Wednesday, March 20, 2013

WAR AND PEACE, continued


The Slice of Life Challenge is hosted by TWO WRITING TEACHERS

M is still reading War and Peace.  He is on page 6.  Yesterday we chatted about how it is known as one of the longest books ever.  I was careful to make that detail sound like a badge of honor rather than a deterrent.  So far, so good.

I asked him today, “How is it going?” 

“It’s good so far.  There hasn’t been any action yet, though.”

“Oh, it is starting slow?” is what came out of my mouth.  I kept myself from saying what I was really thinking: “You think??  You are reading WAR AND PEACE for Pete’s sake!  Get ready for LOOOONG stretches of philosophical pontificating, buddy.  These 6 pages of no action are just the beginning.”

“Yeah, but I am going to keep reading.” was his response.

After independent reading, we took some time to practice poetry performances this class has been working on.  In preparation for writing and performing their own spoken word pieces, the students are performing, in groups, selections from October Mourning: A Song for Matthew Shepard by Leslea Newman, which is a stunning book of poetry.  I don’t remember having taken a breath the entire first time I read it.
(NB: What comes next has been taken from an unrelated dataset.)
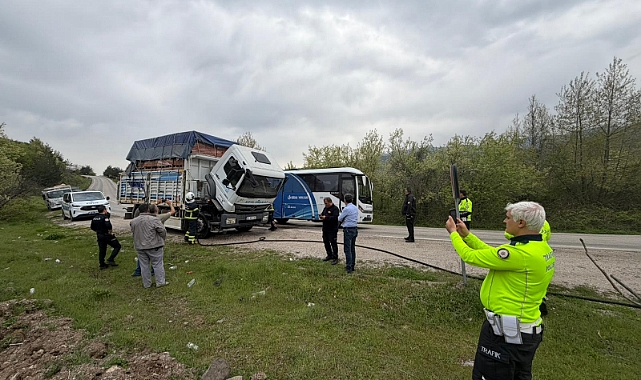 Niksar'da Seyir Halindeki Kamyon Alev Aldı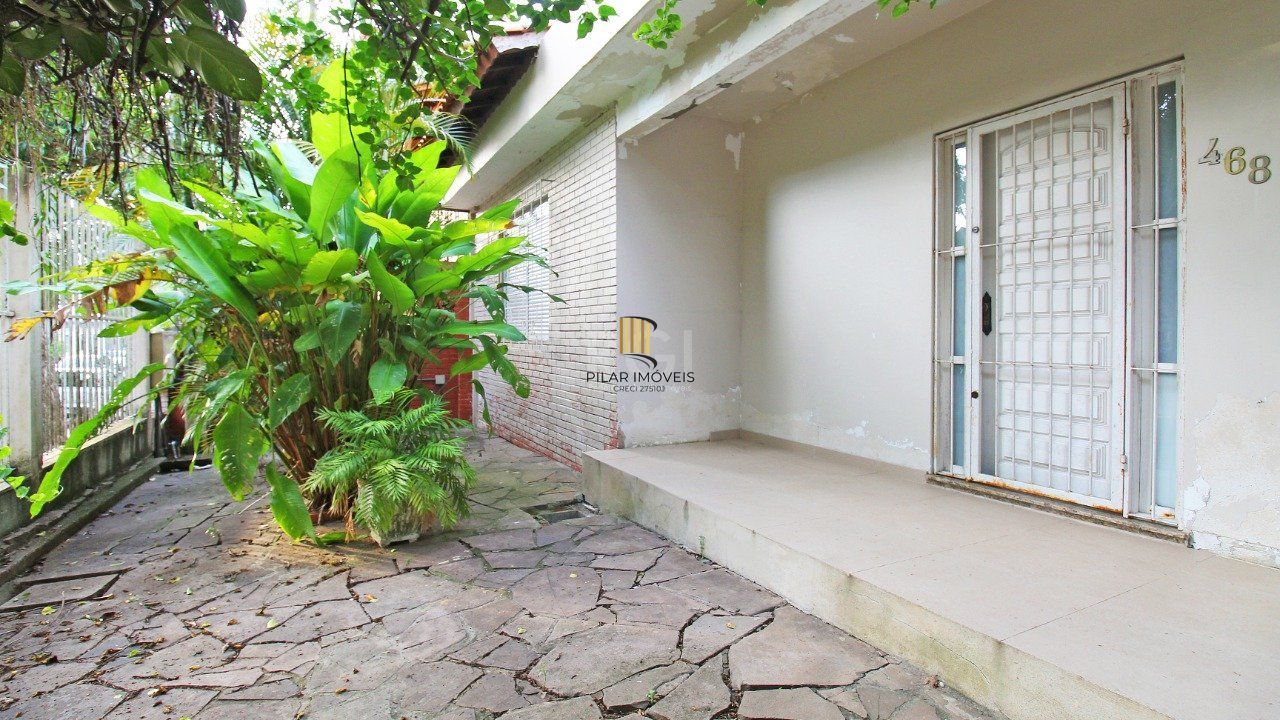 Casa com quatro (4) dormitórios,  duas (2) vagas de garagem, no bairro Passo da Areia em Porto Alegre.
About 5 minutes into practicing, M bursts up to me waving one of the poems assigned to his group in the air.  I am anticipating a complaint about a group member not pulling his weight or an outlandish idea to “act out” some of the words of the poem (M is struggling to grasp the idea of performing with only his voice and his stance—his group’s physical use of the space). 

Instead, M gushes, “Look Mrs. Rush,” and points to the page.  I follow his finger.  His group is performing a poem titled “What You Can Do in Eighteen Hours.”  Basically a poem is a list of things one could accomplish in 18 hours—mostly including activities a college student might have actually been engaged in on the night Matthew Shepard was attacked, ending with a line describing what he endured after being tied to a fence and left for dead before being found 18 hours later.  M’s finger leads me to the line, “Read War and Peace.”
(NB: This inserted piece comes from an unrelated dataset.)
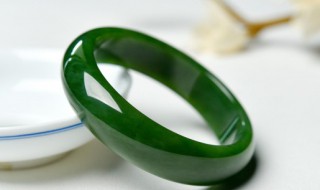 翡翠手镯的好处和作用 翡翠手镯有什么功效和好处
“I get it Mrs. Rush!  This is MY book!  She is saying that 18 hours is a long time because you could one of the longest books in the world in that time!”

Again, I play it cool on the outside, but inside I am one giant grin.

7 comments:

  1. That is indeed a smile worthy moment, Christy! October Mourning is such a powerful book - I always feel numb after reading it - how wise to have your high school kids performing these poems, getting inside those lines, taking to heart their message.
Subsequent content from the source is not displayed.